• [Extracted data entries]
☆ ☆ ☆ ☆
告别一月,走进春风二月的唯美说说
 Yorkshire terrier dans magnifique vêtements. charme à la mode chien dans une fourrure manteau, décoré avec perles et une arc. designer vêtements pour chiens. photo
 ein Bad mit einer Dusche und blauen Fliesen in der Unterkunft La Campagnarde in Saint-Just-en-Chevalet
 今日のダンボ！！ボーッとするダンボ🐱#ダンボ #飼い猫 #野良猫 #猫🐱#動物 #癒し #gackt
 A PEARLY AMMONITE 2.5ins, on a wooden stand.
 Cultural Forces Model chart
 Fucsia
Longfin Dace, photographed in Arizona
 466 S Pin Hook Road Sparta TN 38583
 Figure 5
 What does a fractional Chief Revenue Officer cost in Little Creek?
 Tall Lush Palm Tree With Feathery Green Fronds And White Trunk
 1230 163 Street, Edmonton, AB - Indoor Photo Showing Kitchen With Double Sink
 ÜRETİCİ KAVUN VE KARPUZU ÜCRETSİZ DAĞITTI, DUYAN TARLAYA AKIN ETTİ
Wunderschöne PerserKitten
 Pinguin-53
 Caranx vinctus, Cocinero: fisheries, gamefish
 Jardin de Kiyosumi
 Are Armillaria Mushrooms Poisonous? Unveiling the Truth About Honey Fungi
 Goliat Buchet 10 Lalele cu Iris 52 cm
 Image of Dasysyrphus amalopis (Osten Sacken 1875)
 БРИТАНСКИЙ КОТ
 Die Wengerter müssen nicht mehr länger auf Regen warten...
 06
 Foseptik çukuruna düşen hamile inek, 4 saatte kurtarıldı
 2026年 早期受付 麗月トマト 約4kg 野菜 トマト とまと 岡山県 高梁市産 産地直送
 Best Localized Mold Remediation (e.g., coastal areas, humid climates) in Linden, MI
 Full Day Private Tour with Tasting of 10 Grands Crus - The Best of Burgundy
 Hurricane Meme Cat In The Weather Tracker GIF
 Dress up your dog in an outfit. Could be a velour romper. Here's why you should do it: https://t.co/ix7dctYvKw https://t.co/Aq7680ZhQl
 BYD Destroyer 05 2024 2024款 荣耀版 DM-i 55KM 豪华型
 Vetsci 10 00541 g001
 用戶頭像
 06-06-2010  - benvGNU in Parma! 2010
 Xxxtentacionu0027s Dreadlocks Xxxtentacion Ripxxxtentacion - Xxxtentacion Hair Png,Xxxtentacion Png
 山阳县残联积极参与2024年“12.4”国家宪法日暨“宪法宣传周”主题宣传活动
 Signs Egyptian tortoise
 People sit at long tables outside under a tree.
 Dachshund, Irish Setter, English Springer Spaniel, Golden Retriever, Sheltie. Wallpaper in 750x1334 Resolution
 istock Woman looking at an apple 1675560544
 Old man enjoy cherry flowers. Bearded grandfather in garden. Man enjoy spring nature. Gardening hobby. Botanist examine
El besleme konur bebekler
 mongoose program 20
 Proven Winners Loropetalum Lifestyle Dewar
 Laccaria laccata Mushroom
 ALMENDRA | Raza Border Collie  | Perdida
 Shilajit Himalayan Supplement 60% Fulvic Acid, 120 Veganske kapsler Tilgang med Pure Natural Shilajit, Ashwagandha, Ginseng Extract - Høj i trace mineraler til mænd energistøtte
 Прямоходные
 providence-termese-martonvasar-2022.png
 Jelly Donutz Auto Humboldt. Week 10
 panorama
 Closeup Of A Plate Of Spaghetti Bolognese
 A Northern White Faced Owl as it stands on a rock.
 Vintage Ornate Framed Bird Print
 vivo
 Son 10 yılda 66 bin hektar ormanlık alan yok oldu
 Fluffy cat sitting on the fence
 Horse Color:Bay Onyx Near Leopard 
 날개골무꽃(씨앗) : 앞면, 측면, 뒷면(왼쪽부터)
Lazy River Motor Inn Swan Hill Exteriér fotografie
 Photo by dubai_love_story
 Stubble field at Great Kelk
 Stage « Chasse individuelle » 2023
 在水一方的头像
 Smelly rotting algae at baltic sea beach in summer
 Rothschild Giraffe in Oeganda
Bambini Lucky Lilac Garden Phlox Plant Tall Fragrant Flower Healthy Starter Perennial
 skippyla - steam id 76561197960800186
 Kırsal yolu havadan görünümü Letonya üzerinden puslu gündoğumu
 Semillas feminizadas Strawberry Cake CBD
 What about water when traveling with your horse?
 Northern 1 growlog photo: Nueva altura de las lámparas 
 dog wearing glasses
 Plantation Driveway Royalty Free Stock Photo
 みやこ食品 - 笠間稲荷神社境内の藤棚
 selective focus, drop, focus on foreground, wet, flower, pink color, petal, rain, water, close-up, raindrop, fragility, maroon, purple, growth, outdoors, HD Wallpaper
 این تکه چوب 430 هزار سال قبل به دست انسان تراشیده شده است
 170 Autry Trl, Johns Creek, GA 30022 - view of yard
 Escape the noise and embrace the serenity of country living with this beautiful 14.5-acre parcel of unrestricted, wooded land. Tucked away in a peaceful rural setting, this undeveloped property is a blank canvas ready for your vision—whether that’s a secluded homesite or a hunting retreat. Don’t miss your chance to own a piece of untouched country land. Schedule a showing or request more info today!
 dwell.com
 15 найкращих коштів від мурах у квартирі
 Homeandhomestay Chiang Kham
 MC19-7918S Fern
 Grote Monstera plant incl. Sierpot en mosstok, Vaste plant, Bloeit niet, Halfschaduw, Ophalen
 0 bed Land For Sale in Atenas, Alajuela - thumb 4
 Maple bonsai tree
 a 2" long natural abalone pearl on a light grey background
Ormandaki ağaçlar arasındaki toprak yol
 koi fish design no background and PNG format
☆ ☆ ☆ ☆
• [Instructions for the task] Copy out every line above where "water" is present.

• [Reply]
 What about water when traveling with your horse?
 selective focus, drop, focus on foreground, wet, flower, pink color, petal, rain, water, close-up, raindrop, fragility, maroon, purple, growth, outdoors, HD Wallpaper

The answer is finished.